Multisensorisches Marketing Teil 2
Geht’s noch ein bisschen emotionaler?
Es gibt einen alten Maklertrick und der geht so: Wer ein Familienheim verkaufen will, backe vor dem Besichtigungstermin ein Blech frische Plätzchen. Kein Duft weckt beim Kunden eine stärkere Assoziation von Zuhause, Kindheit und Behaglichkeit wie ofenfrische Backware. Weil dieses olfaktorische Argument ein so effektiver Kaufimpulsverstärker ist, gibt es den Duft sogar als Raumspray. Für Experten des sensorischen Marketings ist das keine Überraschung. Für sie ist Marketingkommunikation ohne die Einbeziehung verschiedener Sinnesorgane wie Hören, Sehen, Fühlen oder Riechen eine Art „Kaspar-Hauserisierung“ des Kunden, also eine grobe Beschneidung seiner sinnlichen Markenwahrnehmung.
Warum aber ist das so ausschlaggebend? Wissenschaftler schätzen, dass wir bis zu 95 % unserer Entscheidungen unterbewusst treffen. Das Unterbewusstsein ist es, das dem Verstand Argumente zur Rechtfertigung einer Kaufentscheidung gibt. Die rationale Pro- und Contraliste zum Neuwagenkauf kann erheblich durch das Fühl- und Riecherlebnis bei der Probefahrt ins Wanken geraten.
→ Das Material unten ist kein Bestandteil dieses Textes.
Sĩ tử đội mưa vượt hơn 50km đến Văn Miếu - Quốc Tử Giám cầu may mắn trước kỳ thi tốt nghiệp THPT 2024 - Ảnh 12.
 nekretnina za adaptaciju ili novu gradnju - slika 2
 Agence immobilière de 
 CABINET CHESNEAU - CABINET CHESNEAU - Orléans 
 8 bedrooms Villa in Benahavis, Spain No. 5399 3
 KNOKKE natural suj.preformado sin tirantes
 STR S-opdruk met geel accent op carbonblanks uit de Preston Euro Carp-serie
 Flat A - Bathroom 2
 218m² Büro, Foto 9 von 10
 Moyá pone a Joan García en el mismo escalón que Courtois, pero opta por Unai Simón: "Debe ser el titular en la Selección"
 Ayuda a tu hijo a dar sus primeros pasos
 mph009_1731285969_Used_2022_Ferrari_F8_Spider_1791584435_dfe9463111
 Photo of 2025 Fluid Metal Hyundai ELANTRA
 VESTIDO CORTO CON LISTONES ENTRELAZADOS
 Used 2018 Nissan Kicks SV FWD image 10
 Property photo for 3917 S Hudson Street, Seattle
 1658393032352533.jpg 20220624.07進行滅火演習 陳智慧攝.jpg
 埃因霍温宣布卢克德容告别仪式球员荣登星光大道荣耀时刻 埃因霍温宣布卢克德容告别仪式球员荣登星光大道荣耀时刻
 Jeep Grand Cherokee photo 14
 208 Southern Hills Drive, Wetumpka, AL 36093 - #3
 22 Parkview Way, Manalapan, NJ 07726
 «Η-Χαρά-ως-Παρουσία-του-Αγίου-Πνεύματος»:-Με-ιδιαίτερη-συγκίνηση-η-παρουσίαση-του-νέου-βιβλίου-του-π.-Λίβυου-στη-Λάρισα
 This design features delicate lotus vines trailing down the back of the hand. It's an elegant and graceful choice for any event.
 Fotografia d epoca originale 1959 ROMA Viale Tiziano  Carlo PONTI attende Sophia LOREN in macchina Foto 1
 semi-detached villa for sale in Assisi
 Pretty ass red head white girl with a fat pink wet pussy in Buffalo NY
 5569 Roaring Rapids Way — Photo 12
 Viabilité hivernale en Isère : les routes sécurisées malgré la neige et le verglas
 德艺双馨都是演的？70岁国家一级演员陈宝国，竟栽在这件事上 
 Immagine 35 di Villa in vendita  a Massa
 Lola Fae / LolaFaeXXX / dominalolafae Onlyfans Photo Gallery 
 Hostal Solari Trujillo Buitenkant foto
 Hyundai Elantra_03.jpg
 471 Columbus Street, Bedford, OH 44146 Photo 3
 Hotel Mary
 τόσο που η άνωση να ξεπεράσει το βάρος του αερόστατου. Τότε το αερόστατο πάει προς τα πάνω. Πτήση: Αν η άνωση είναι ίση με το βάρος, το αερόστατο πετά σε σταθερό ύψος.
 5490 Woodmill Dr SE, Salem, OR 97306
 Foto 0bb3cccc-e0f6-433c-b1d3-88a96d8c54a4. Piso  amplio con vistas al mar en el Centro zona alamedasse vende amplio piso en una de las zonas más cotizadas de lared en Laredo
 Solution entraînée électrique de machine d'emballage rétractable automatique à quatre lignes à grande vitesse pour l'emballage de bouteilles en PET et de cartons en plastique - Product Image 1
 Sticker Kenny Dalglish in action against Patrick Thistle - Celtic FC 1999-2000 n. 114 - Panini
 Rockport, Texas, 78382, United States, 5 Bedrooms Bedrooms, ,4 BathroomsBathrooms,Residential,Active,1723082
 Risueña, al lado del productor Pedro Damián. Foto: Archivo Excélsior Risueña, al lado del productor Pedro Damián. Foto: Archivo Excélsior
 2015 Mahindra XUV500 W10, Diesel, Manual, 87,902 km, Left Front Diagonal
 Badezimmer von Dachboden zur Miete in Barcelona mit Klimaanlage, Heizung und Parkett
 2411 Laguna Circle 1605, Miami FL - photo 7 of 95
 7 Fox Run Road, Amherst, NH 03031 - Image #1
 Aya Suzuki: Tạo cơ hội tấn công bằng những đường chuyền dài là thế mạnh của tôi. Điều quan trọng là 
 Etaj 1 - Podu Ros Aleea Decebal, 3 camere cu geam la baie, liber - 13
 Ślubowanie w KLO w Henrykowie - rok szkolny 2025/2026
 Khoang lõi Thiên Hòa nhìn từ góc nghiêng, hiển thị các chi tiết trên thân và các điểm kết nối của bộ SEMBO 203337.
Multisensorisches Marketing macht sich das Wissen um die Funktionsweise unserer inneren Schaltzentrale zunutze und übermittelt seine Botschaften daher gezielt an mehrere Sinne gleichzeitig. In Zeiten von Reizüberflutung und Produktschwemme genießen multisensorisch beworbene Marken eine höhere Aufmerksamkeit, weil sie sich effektiver, nachhaltiger und emotionaler differenzieren. Im besten Falle schaffen sie das entlang der gesamten Customer Journey, jenem Weg, den der Kunde in seiner Konsumbiografie durchläuft und auf dem er in Berührung mit Marken- und Produktwelten kommt. Wundert es da, dass der größte produzierende Konzern der Welt eigens eine interne Abteilung mit dem Namen „multisense“ eingerichtet hat?
Und noch etwas anderes wiegt schwer. In der digitalen Gegenwart wächst das Bedürfnis nach sinnlichem Erleben. Das digitale Produktbild beim Online-Shopping ersetzt nicht das Berühren und Riechen an der Kaffeepackung, eine Skype-Session nicht die Umarmung mit dem besten Freund. Das Ergebnis: Print als haptische Kommunikationsform, ob als Verpackung oder persönliches Anschreiben, wird zum High-Touch-Moment in der strategischen Kommunikation. Fragen Sie mal Ihre Fingerspitzen!